▶ [EXERCISE]: Pictures are to be left out, and only the lines below starting at the one with "Suwangi Pantaloni Sportivi" and ending at the one with "Celine Long Wallet" are to be reproduced, each exactly, both ends included.

▶ [TASK MATERIAL]:
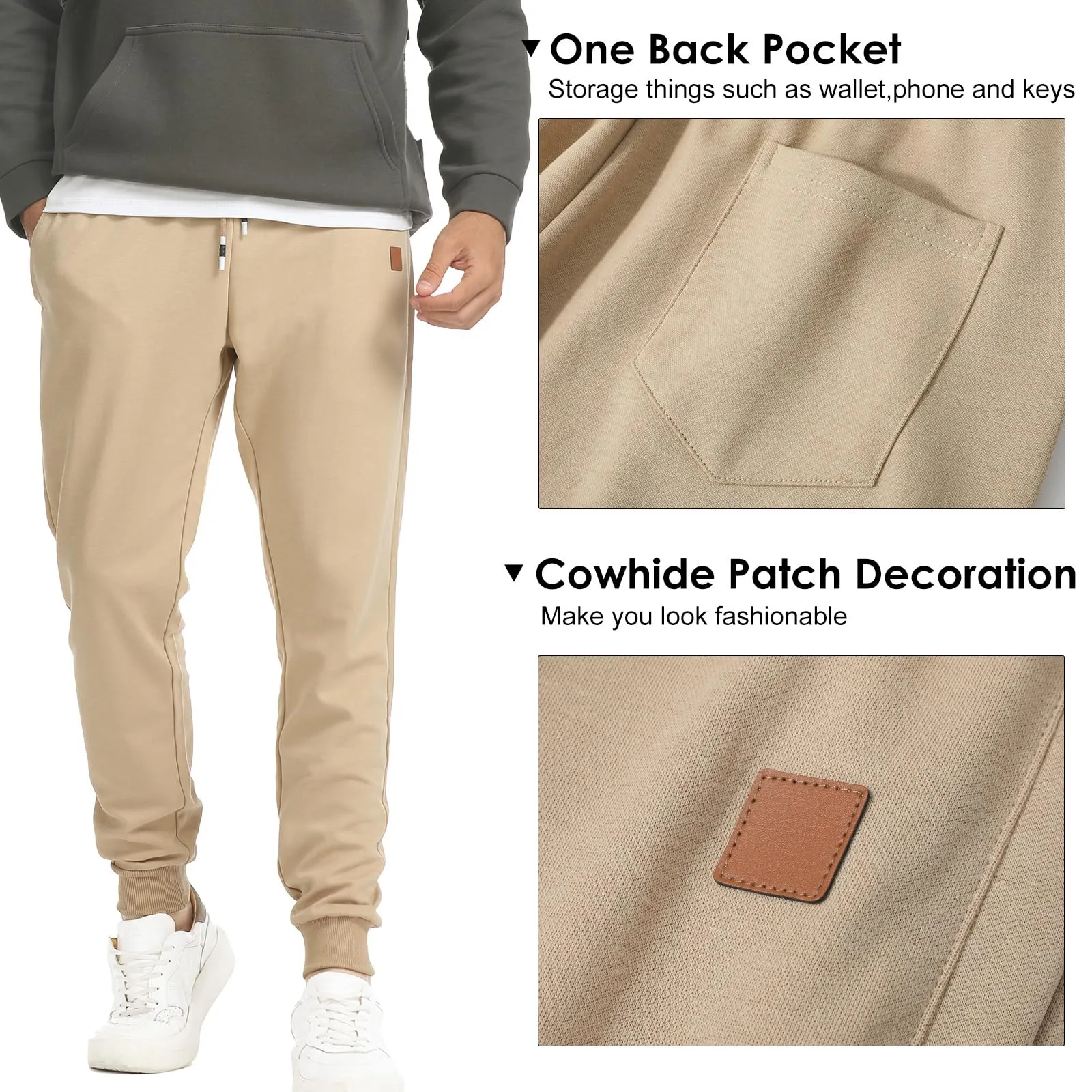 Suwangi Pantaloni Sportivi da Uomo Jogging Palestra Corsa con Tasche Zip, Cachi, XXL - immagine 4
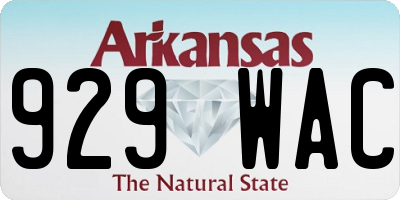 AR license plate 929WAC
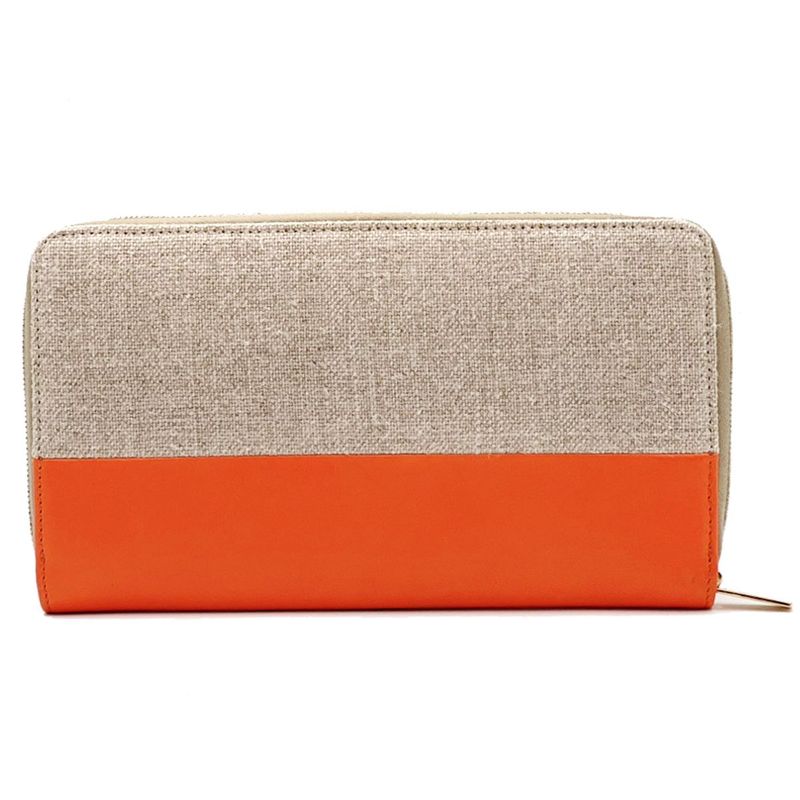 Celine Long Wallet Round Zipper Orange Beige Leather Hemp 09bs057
...
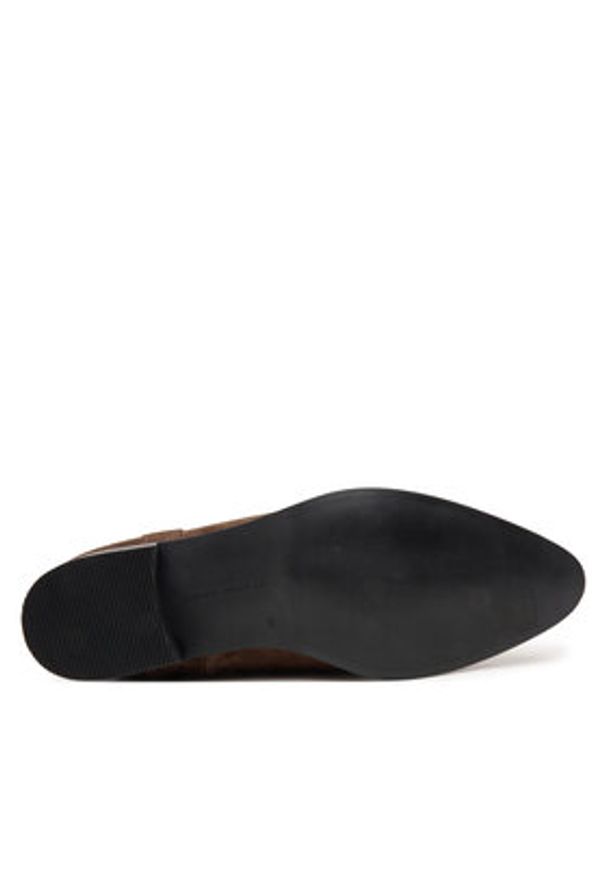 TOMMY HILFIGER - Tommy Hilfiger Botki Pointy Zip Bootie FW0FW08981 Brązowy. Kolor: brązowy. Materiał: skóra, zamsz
--
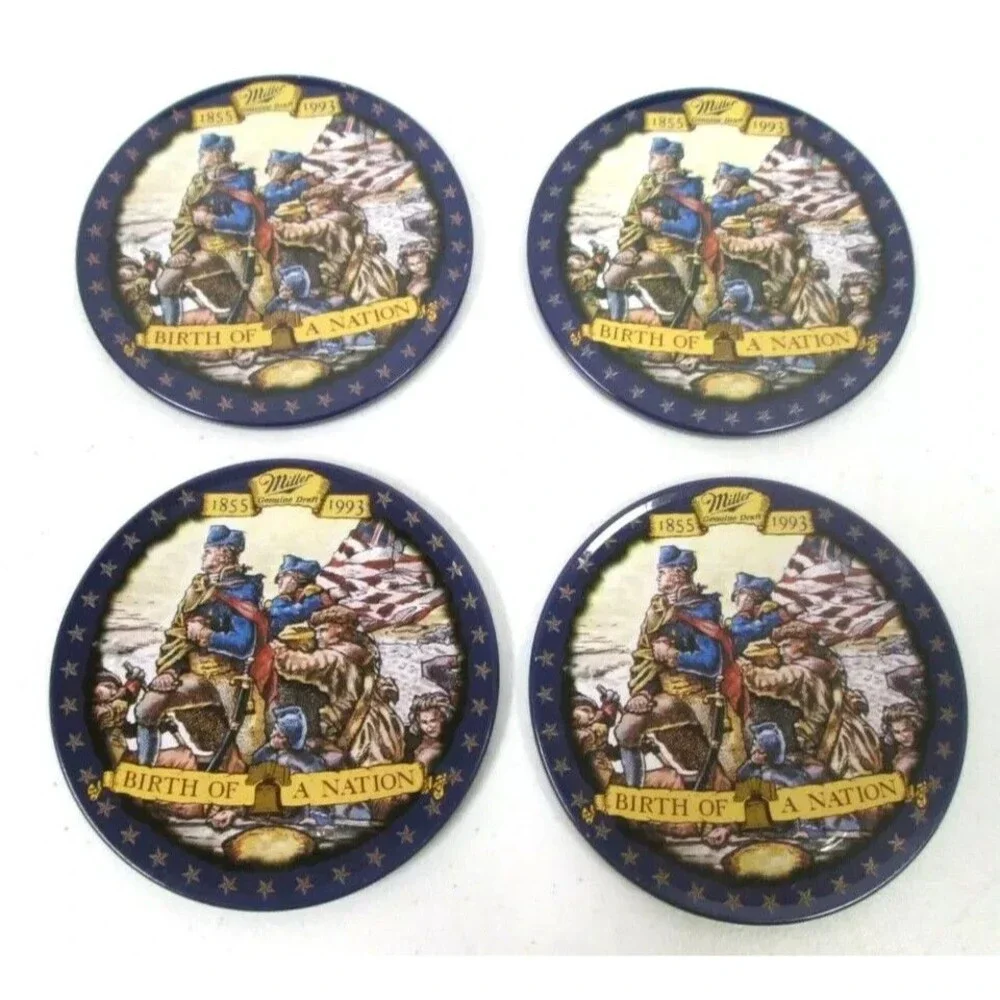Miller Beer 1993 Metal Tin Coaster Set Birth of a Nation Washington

▶ [SOLVED PROBLEM]:
 Suwangi Pantaloni Sportivi da Uomo Jogging Palestra Corsa con Tasche Zip, Cachi, XXL - immagine 4
 AR license plate 929WAC
 Celine Long Wallet Round Zipper Orange Beige Leather Hemp 09bs057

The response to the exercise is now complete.